Years before, the Israelites, the Jews, and Moabites were fighting. The Israelites had made a treaty with the Jews and the Edomites and they were all fighting against the Moabites. Their combined armies went to Moab to fight a battle there. God laid a trap for the Moabites who weren’t expecting the combined armies.

"When the king of Moab saw that the battle was too much for him, he took seven hundred men with swords to try to break through to the king of Edom. But they could not break through. Then the king of Moab took his oldest son, who would have been king after him, and offered him as a burnt offering on the wall. So there was great anger against the Israelites, who left and went back to their own land." (2 Kings 3:26-27 NCV).

The Moabites, in smoldering anger and revenge for what they thought the Edomites had forced their own king to do, came back again with another revenge and desecrated the body of the late Edomite king. Revenge against revenge.

"He/she made me do it."

Rather than take responsibility for our own actions, we often blame others for backing us into a corner where we feel we have no choices and then wanting to take it out on them because "they made us to do it."

No one—NO ONE—ever makes us do anything. We are creatures of free will. We choose how we will respond in any given situation. Our choices may seem limited, but we always have a choice. When we are cornered, when we are placed in situations of great distress or great hurt, we have the choice to react with the fruit of the Spirit or with anger and revenge. We have the choice. When we are accused, we can try to manipulate the situation to present ourselves in the best light or we can react with honesty and truth regardless of the outcome. When we are rejected, we can react with quietness and love or we can lash out, protecting ourselves.

The Moabites found themselves in a terrible situation. They were alone, ganged up upon by the Israelite, the Jewish, and Edomite armies. It’s possible the Edomites were former allies who now had chosen to ally with the Israelites instead. Friends who had betrayed them and were now enemies.
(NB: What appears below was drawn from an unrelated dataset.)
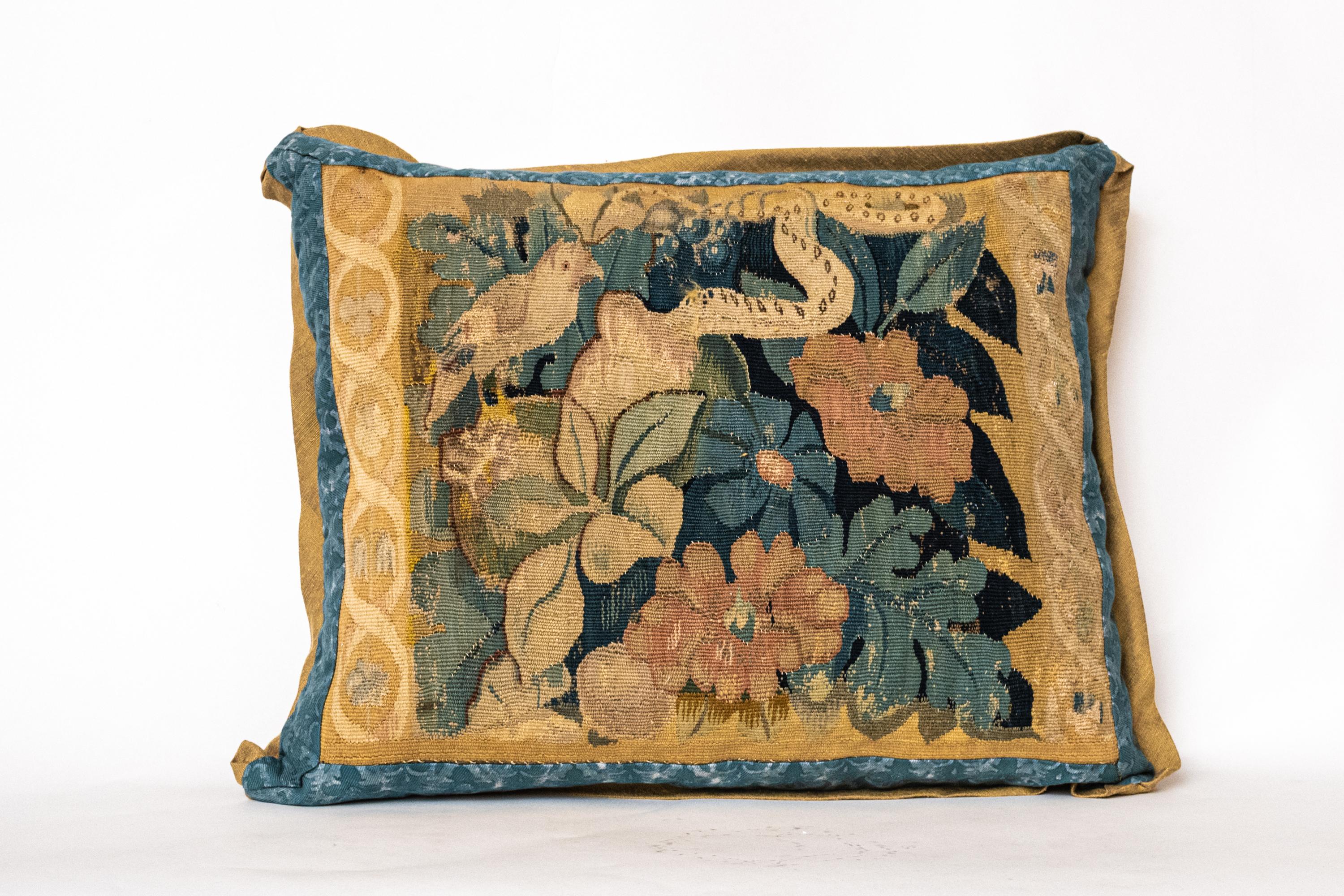 Coussin ancien en textile Fortuny représentant la tapisserie de Bruxelles du XVIIe siècle avec des motifs classiques de faune et de flore. Bords et dos biaisés en soie avec insert 50 duvet/50 plumes. Toutes les ventes sont finales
They were alone and afraid.

They were tricked. The Lord had laid a trap for them and the Edomites walked right into it. They felt foolish.

They were desperate. Their king, in an effort to appease their gods and win the battle, took his own son and sacrificed him . . . to no avail. They were angry and wanting revenge.

Rejected . . . feeling foolish . . . desperate . . . angry. They allowed their anger to fester until they were willing to do anything to get revenge against the Edomites. And so they desecrated the tomb of the Edomite king, dug up his body and destroyed it. They did what they thought would hurt the Edomites the most.

Tit for tat.

Anger unchecked and uncontrolled can lead to horrible results. Have you ever met someone who, because of their anger (and what they thought was their right to be angry) backed themselves so far into a corner that there was no escape? Have you watched them do more and more horrible things as their anger (and their pride) continued to control their decision-making? I have. It’s sad and horrible to watch.

As Christians, we need to do two things. First, we need daily to give everything to God Who is in absolute control and trust Him to deal with every situation so that we don’t find ourselves being that person. Second, when we find ourselves involved with such a person, a person who is angry beyond measure, we need to try to back off and give them space to recoup themselves. That is humility. That is kindness. That is gentleness. It’s easy to be gentle when someone is nice. It’s more difficult to be gentle when the other person is mean and vindictive.

We can choose our response. Today I want to learn how to choose to be gentle . . . even when it seems like I’m losing. I can’t lose. For Christians, life is always win-win because God is always in control. I need to start living like I believe that.